The Wall Street Journal published a great lead editorial this morning (subscription required) on the GOP House leadership’s losing campaign strategy of using immigration as a “wedge issue.” The strategy obviously failed.


As the Journal’s editorial staff observed:

Republicans on Tuesday managed both to lose their majority in Congress and alienate a fast-growing bloc of Latino swing voters. Other than that, the House GOP strategy of trying to save itself by bucking President Bush and using immigration as a wedge issue worked pretty well.


Republicans can’t say they weren’t warned. Like trade protectionism, the immigration issue is the fool’s gold of American politics. Voters like to sound off to pollsters about immigrants, yet they pull the lever with other matters foremost in mind.
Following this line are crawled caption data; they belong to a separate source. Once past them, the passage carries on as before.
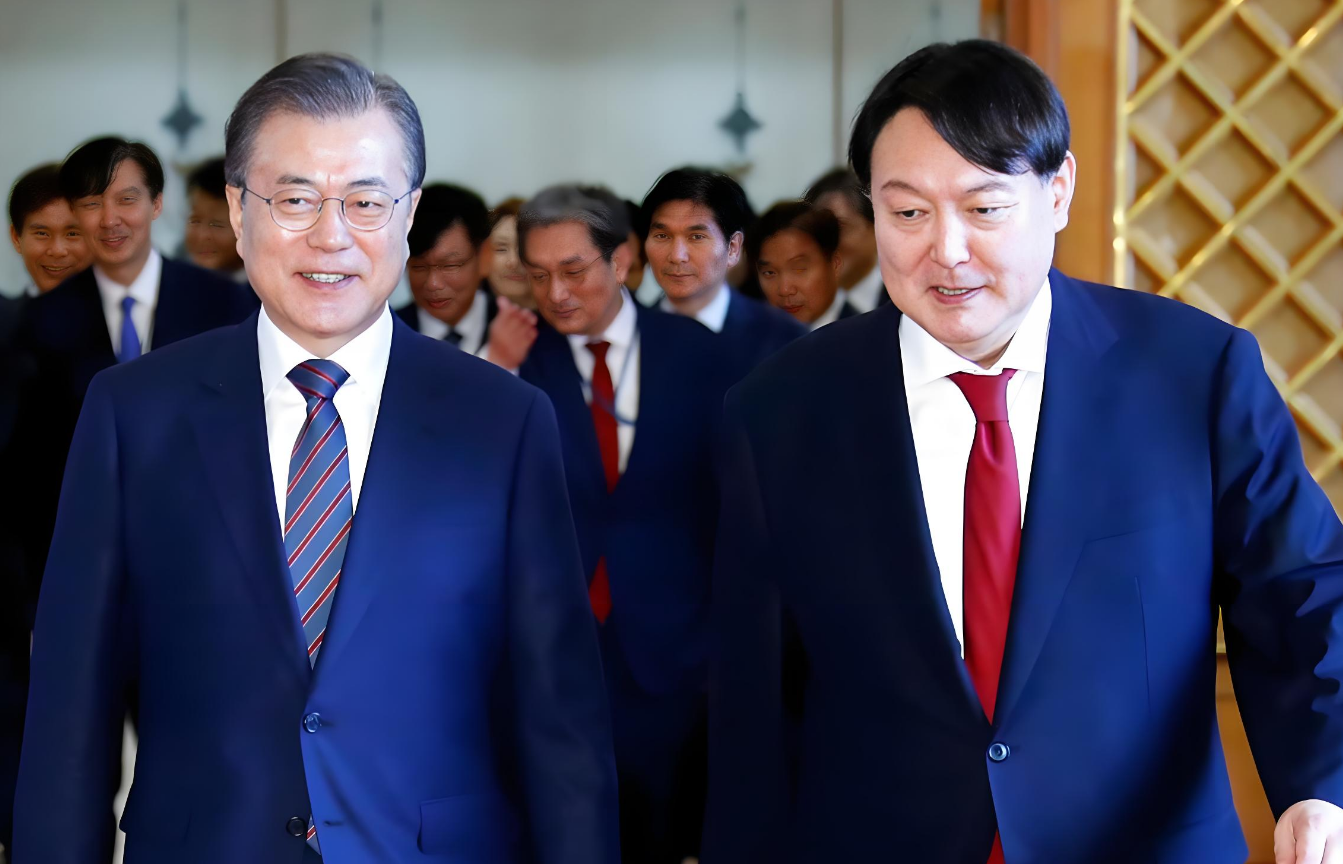 韩国检方决定不起诉前总统文在寅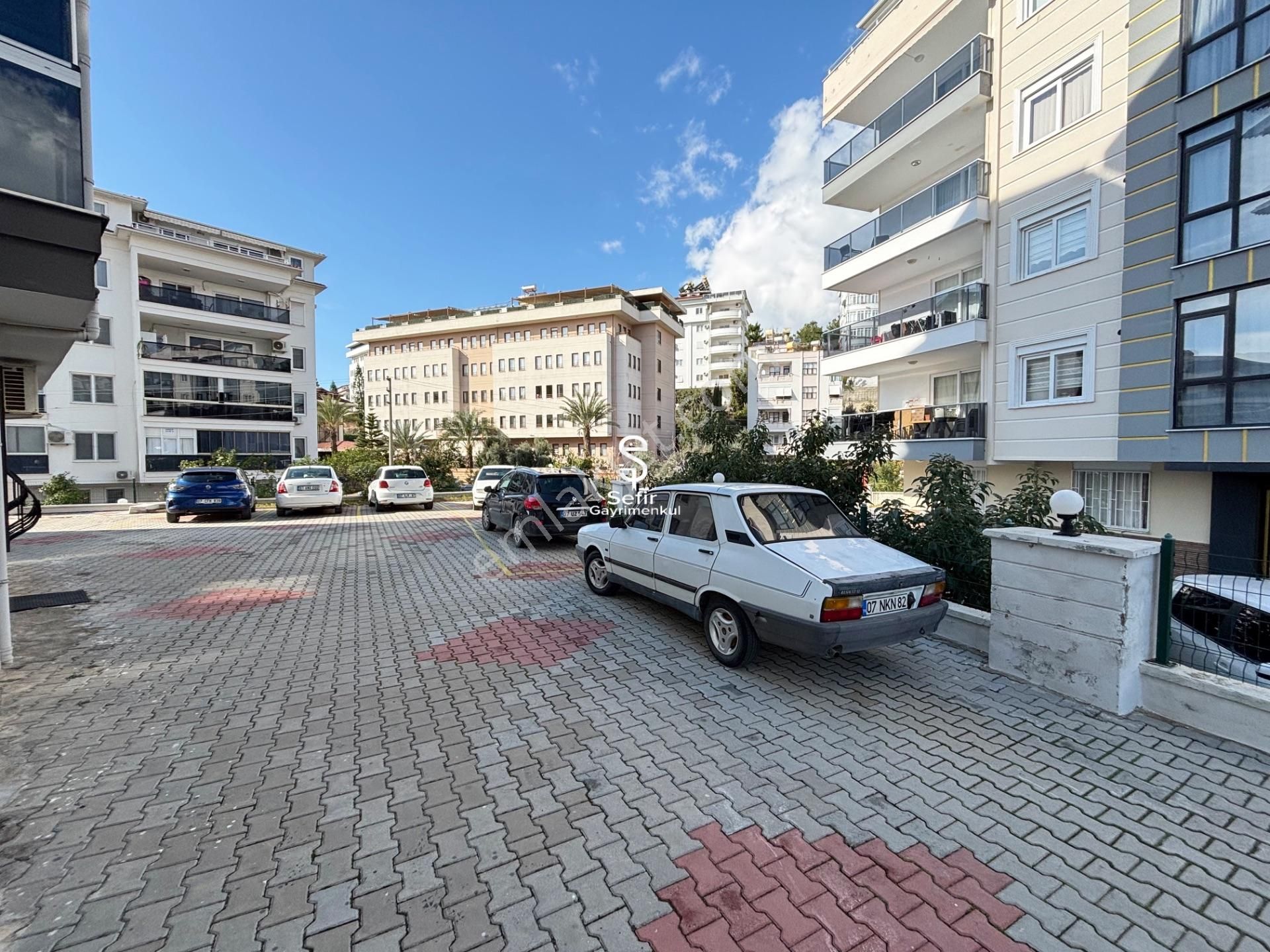 Alanya Oba'da 2+1 Ayrı Mutfak Geniş Kiralık Daire - Görsel 19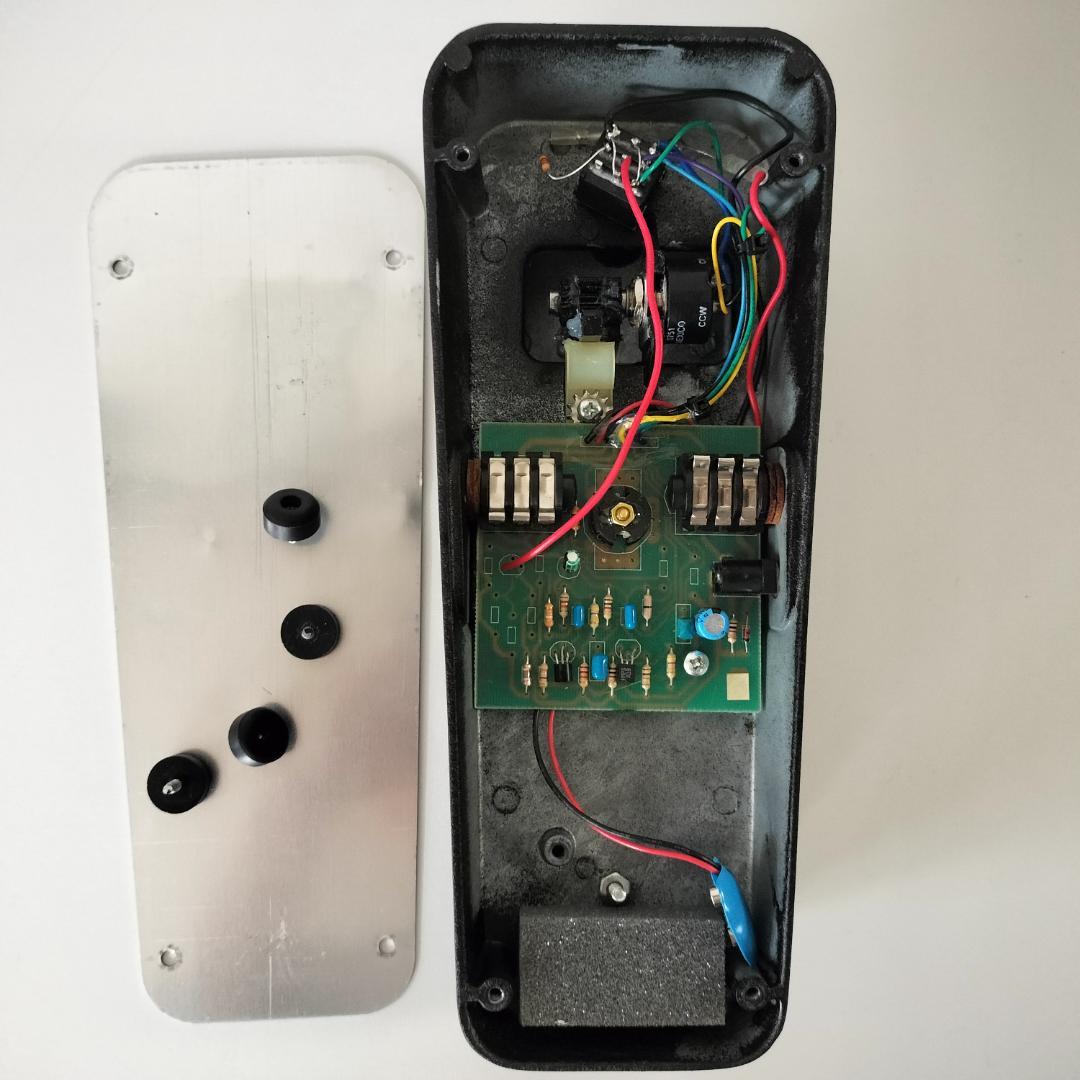 CRY BABY GCB-95トゥルーバイパス化 Red LEDモディファイ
Elections seldom if ever turn on immigration, and the GOP restrictionist message so adored by talk radio, cable news and the nativist blogosphere once again failed to deliver the goods.

Such GOP anti-immigration crusaders as J.D. Hayworth of Arizona and John Hostettler of Indiana were tossed out of office by wide margins. Exit polls suggest that Republicans suffered a sizeable drop in support from Hispanic voters turned off by the harsh Republican rhetoric aimed at Hispanic immigrants. 


Of course, I call it a great editorial because it and this week’s election returns confirm my own warnings to Republicans about the dangers of running as the anti-immigration party (here and here).


Although the election results were not good news on free trade and other issues, the new Congress will probably be more open to the kind of real immigration reform the Cato Institute has been advocating.